--- Listed entries Enclosed Below ---
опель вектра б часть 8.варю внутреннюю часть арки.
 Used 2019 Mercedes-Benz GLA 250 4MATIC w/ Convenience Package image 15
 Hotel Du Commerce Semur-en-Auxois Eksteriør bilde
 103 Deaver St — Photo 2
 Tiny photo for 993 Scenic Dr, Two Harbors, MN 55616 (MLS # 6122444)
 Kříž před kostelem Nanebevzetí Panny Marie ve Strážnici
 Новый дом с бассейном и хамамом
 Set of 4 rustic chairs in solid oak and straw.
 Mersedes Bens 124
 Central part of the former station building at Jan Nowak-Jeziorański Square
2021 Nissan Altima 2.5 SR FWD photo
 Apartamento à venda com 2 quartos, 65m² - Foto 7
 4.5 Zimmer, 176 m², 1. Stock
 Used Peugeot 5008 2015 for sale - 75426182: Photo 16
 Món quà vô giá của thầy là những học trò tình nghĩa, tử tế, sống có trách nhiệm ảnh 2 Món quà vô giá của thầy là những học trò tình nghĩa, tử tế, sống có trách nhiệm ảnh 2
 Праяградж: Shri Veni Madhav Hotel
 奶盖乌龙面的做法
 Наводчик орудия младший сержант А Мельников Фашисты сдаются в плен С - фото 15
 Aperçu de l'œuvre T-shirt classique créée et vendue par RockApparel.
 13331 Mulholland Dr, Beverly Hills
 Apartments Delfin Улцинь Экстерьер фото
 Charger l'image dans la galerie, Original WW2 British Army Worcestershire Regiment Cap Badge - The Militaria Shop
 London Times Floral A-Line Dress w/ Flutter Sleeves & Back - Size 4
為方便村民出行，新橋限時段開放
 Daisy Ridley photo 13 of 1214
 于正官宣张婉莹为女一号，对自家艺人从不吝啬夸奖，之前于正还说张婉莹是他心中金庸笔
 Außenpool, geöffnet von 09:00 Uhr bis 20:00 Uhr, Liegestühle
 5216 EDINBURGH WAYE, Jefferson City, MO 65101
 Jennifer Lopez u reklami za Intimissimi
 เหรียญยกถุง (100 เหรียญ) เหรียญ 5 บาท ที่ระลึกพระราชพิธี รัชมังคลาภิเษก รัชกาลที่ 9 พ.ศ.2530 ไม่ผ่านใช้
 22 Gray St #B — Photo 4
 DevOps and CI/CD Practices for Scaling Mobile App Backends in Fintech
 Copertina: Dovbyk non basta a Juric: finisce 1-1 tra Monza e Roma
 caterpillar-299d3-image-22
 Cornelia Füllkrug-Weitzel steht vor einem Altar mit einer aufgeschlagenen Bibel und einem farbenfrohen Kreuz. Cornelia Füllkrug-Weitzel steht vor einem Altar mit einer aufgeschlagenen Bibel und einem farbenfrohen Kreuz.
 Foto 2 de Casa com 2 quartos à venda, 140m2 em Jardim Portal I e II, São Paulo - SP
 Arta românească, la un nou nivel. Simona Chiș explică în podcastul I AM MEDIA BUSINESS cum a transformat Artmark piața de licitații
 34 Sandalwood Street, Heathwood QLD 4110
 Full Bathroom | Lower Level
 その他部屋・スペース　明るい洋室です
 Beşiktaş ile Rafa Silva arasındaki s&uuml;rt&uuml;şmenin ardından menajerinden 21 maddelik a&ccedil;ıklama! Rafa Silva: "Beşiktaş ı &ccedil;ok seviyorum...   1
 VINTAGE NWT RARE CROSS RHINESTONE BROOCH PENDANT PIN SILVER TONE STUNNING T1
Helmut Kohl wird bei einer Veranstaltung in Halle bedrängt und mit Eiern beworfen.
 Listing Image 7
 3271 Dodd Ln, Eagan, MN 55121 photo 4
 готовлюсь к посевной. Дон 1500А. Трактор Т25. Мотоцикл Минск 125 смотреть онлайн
--- End of Enclosed Listed entries ---
#### Work request:
Once you reach the line with "Charger l'image dans" in the data above, copy it and every line after it exactly, up to and including the line with "その他部屋・スペース　明るい洋室です".

#### Result of the task:
 Charger l'image dans la galerie, Original WW2 British Army Worcestershire Regiment Cap Badge - The Militaria Shop
 London Times Floral A-Line Dress w/ Flutter Sleeves & Back - Size 4
為方便村民出行，新橋限時段開放
 Daisy Ridley photo 13 of 1214
 于正官宣张婉莹为女一号，对自家艺人从不吝啬夸奖，之前于正还说张婉莹是他心中金庸笔
 Außenpool, geöffnet von 09:00 Uhr bis 20:00 Uhr, Liegestühle
 5216 EDINBURGH WAYE, Jefferson City, MO 65101
 Jennifer Lopez u reklami za Intimissimi
 เหรียญยกถุง (100 เหรียญ) เหรียญ 5 บาท ที่ระลึกพระราชพิธี รัชมังคลาภิเษก รัชกาลที่ 9 พ.ศ.2530 ไม่ผ่านใช้
 22 Gray St #B — Photo 4
 DevOps and CI/CD Practices for Scaling Mobile App Backends in Fintech
 Copertina: Dovbyk non basta a Juric: finisce 1-1 tra Monza e Roma
 caterpillar-299d3-image-22
 Cornelia Füllkrug-Weitzel steht vor einem Altar mit einer aufgeschlagenen Bibel und einem farbenfrohen Kreuz. Cornelia Füllkrug-Weitzel steht vor einem Altar mit einer aufgeschlagenen Bibel und einem farbenfrohen Kreuz.
 Foto 2 de Casa com 2 quartos à venda, 140m2 em Jardim Portal I e II, São Paulo - SP
 Arta românească, la un nou nivel. Simona Chiș explică în podcastul I AM MEDIA BUSINESS cum a transformat Artmark piața de licitații
 34 Sandalwood Street, Heathwood QLD 4110
 Full Bathroom | Lower Level
 その他部屋・スペース　明るい洋室です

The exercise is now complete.